__Activity__.
Leaving the pictures aside, repeat the entries exactly.

(Stored entries)
────────────────

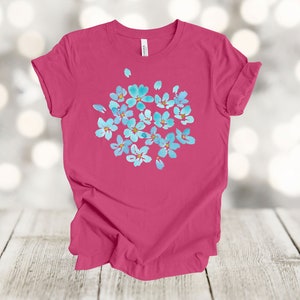 Flower Shirt, Pretty Blue Flowers, Hydrangeas, Springtime Flower, Several Color Choices,  Premium Unisex Tee, Plus Size 2x, 3x, 4x Available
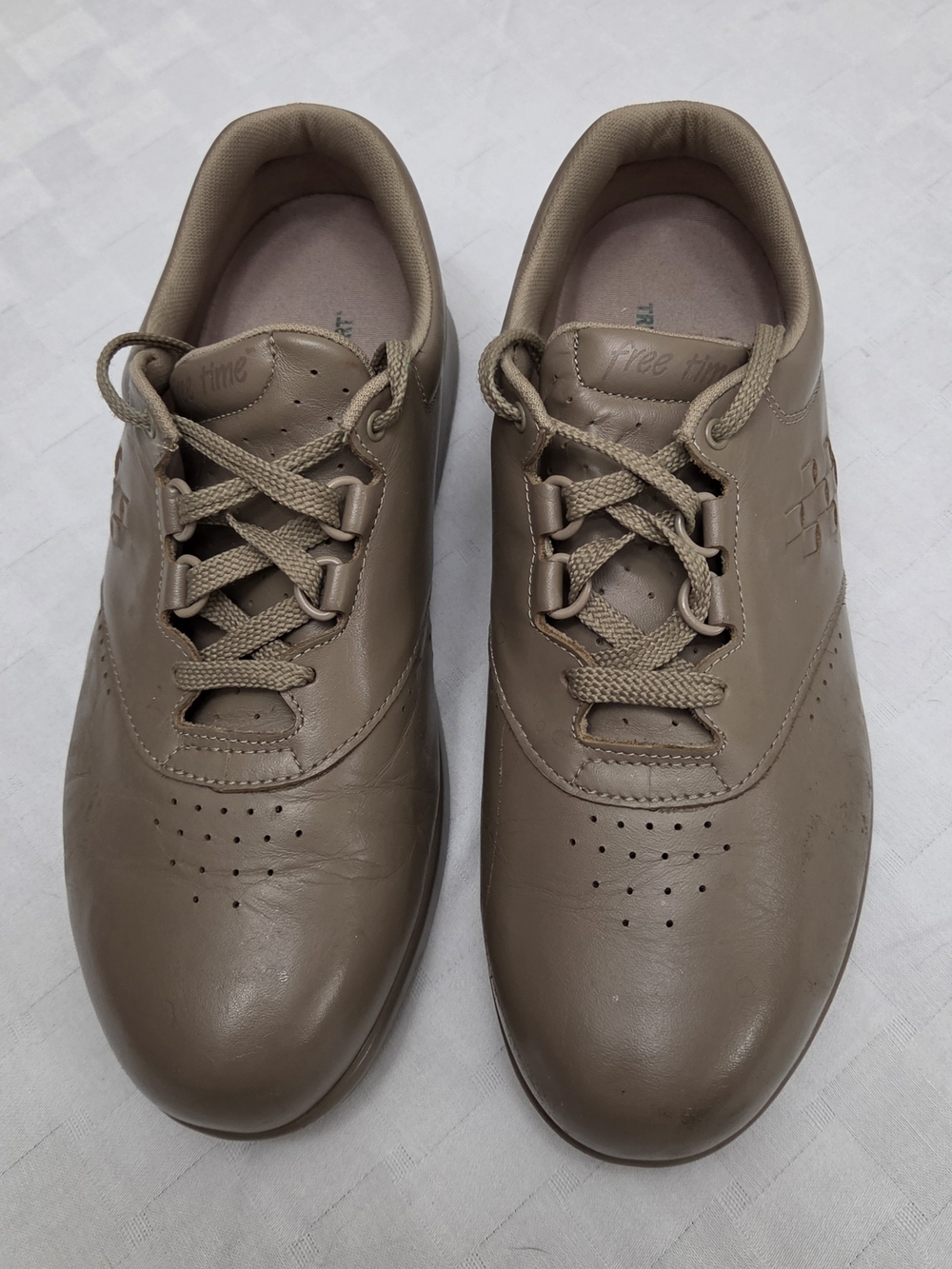 SAS Free Time Women’s 9.5 WW Extra Wide Taupe Leather Walking Shoes USA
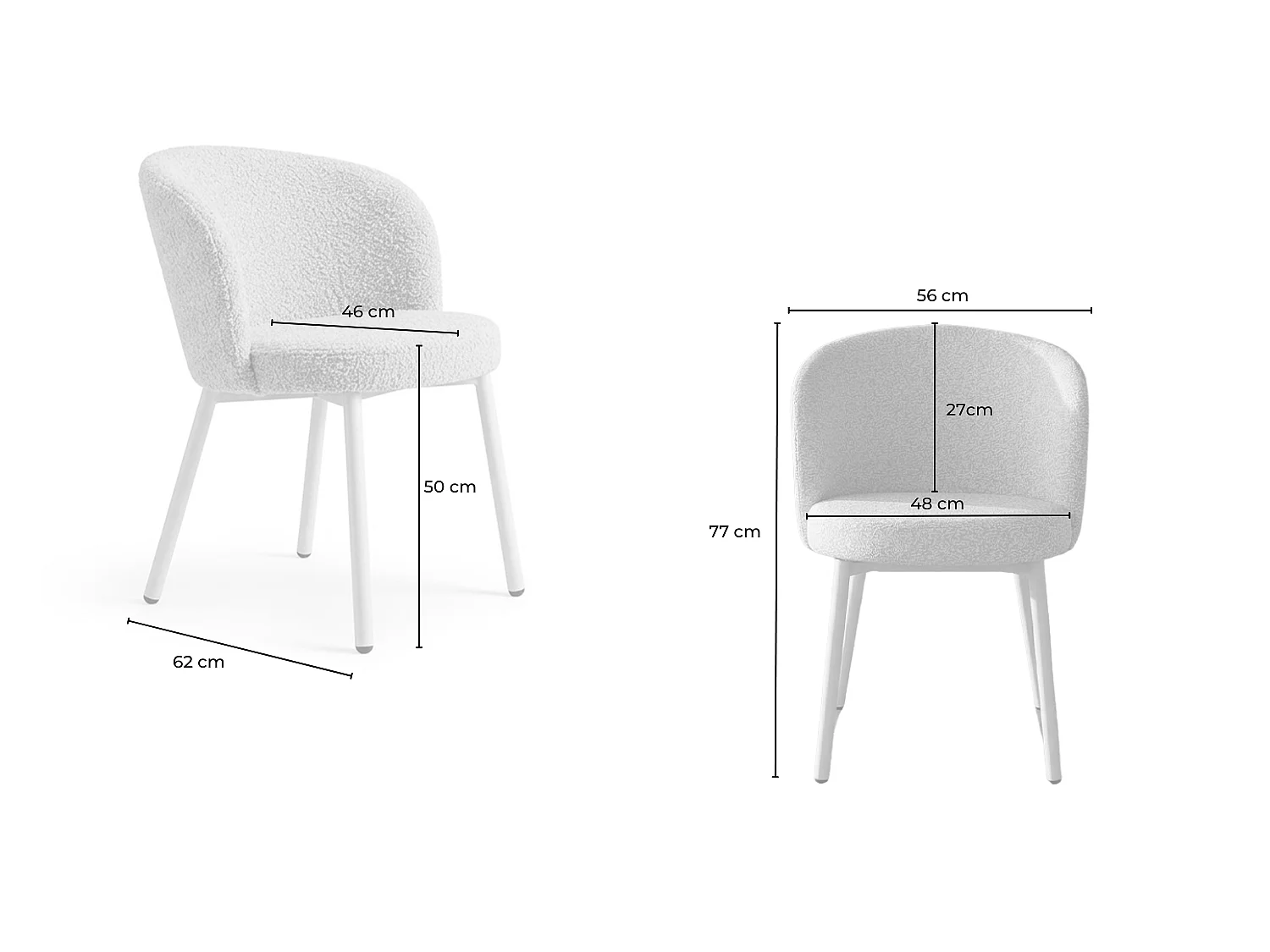 Silla de jardín - blanco crema SOLENZO Tejido plano - INDUS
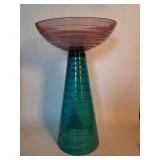 Vintage large colored art glass centerpiece bowl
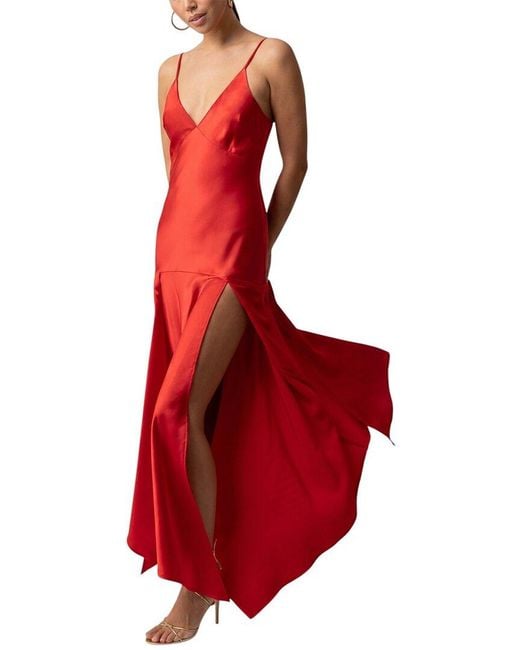 Line & Dot Red Reseda Maxi Dress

────────────────

__Answer to the exercise__.
 Flower Shirt, Pretty Blue Flowers, Hydrangeas, Springtime Flower, Several Color Choices,  Premium Unisex Tee, Plus Size 2x, 3x, 4x Available
 SAS Free Time Women’s 9.5 WW Extra Wide Taupe Leather Walking Shoes USA
 Silla de jardín - blanco crema SOLENZO Tejido plano - INDUS
 Vintage large colored art glass centerpiece bowl
 Line & Dot Red Reseda Maxi Dress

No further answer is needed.